** WHAT THIS TASK INVOLVES **
Look below for the line that has "Cosmelan peel". Set down the lines from there through the line that has "Lipoma Removal Gallery", exactly as written.

SUPPLIED INFORMATION Block Start

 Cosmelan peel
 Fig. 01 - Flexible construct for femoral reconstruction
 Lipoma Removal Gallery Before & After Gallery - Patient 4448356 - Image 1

SUPPLIED INFORMATION Block End
SUPPLIED INFORMATION Block Start

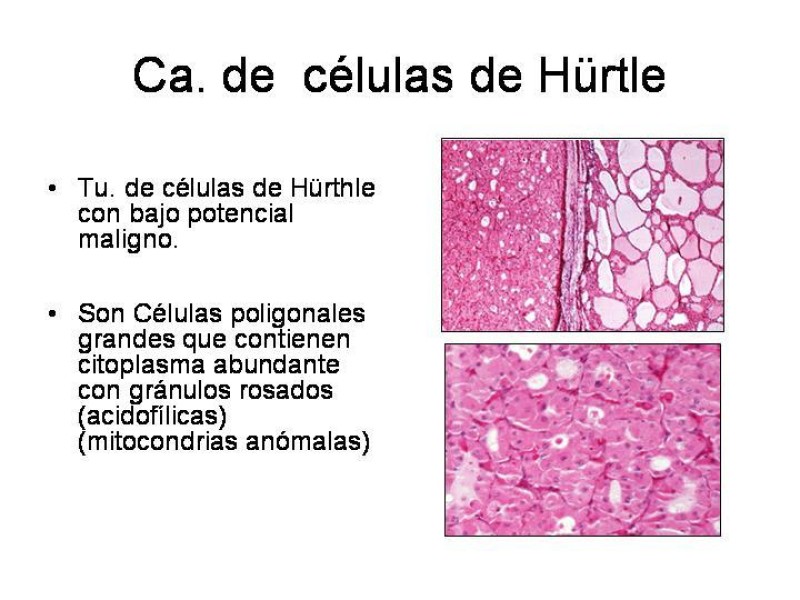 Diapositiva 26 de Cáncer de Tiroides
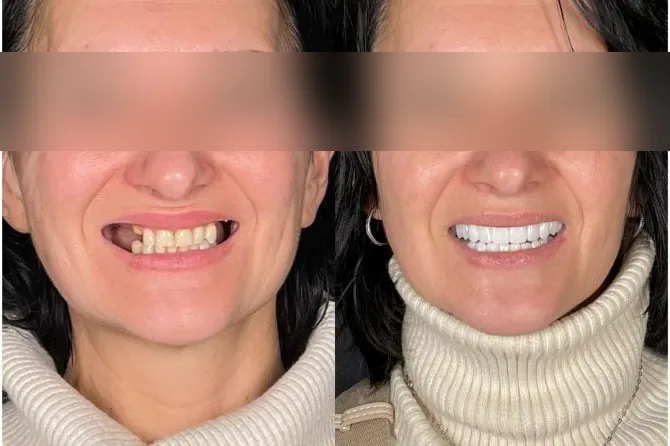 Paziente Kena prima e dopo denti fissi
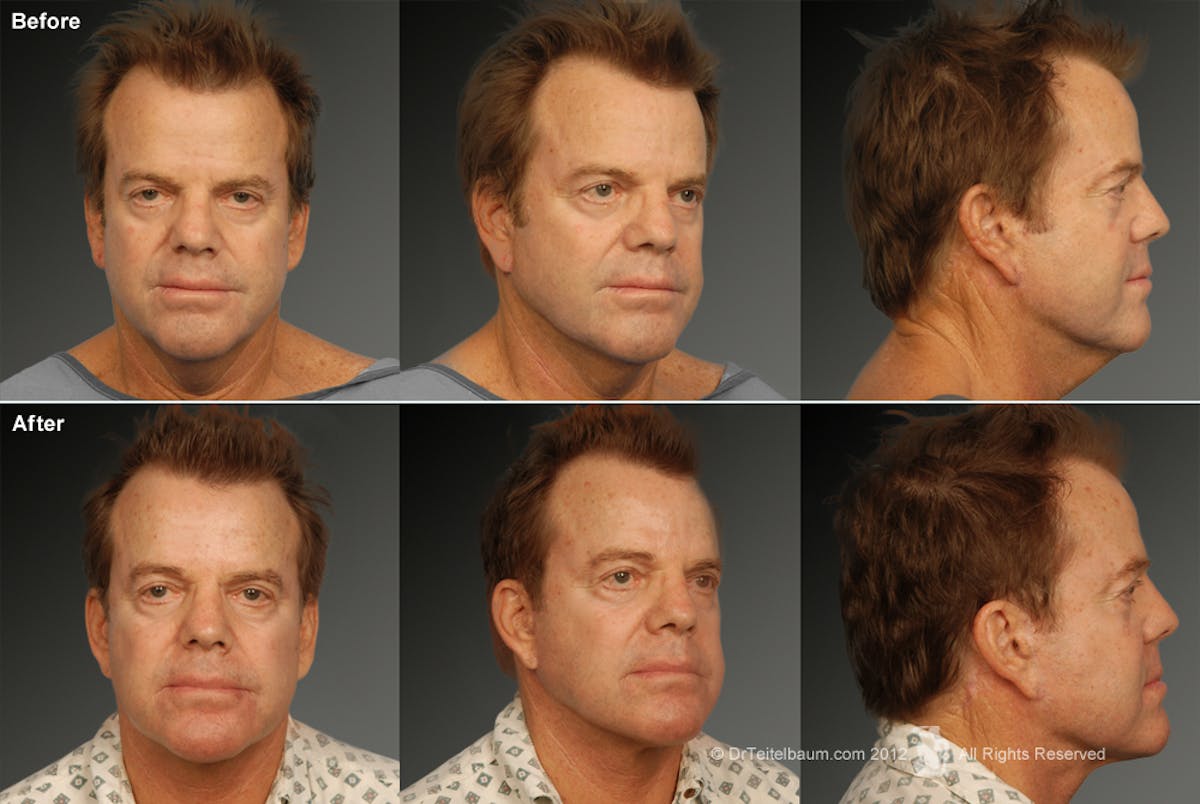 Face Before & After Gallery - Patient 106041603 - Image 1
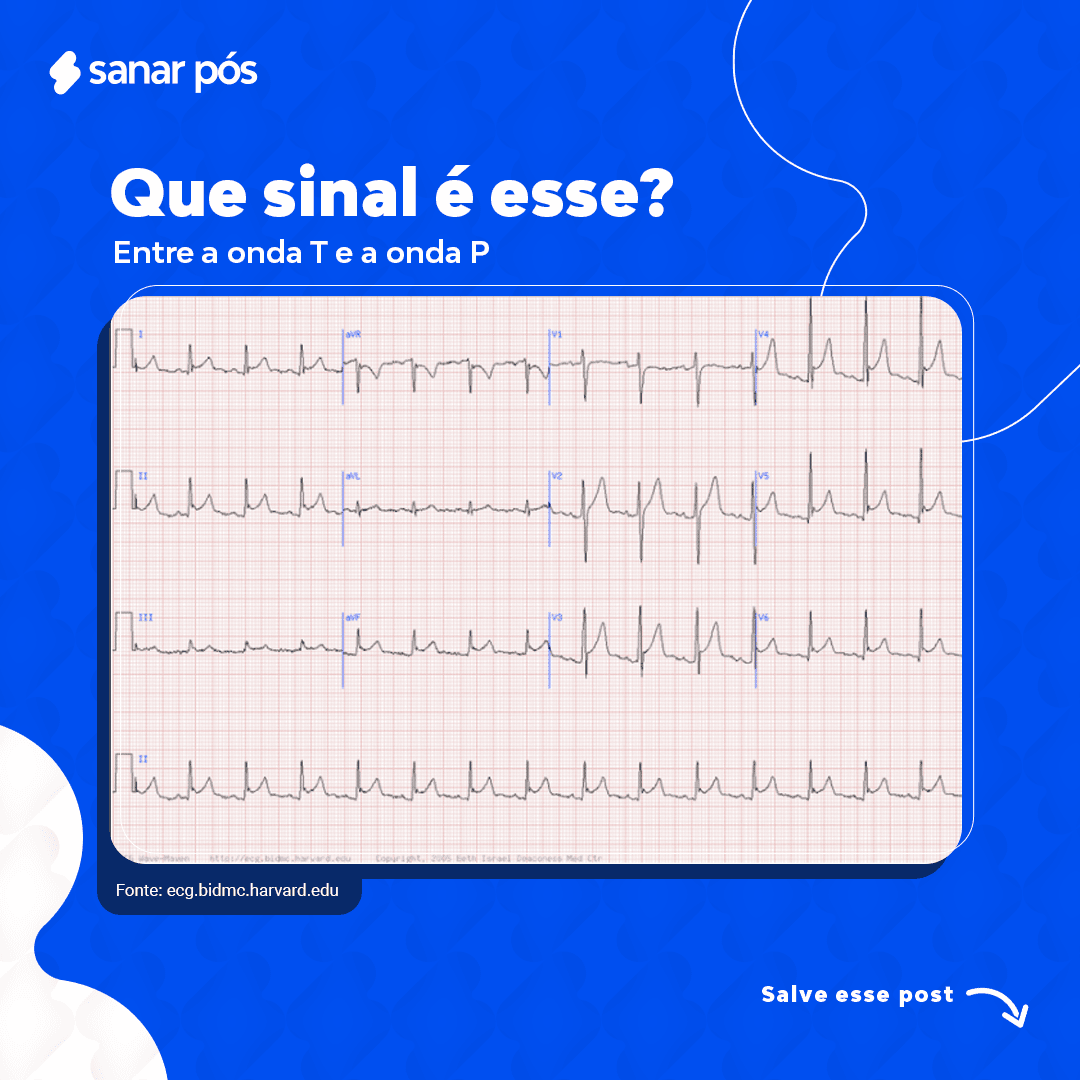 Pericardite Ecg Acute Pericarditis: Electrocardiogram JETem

SUPPLIED INFORMATION Block End

** SOLUTION BELOW **
 Cosmelan peel
 Fig. 01 - Flexible construct for femoral reconstruction
 Lipoma Removal Gallery Before & After Gallery - Patient 4448356 - Image 1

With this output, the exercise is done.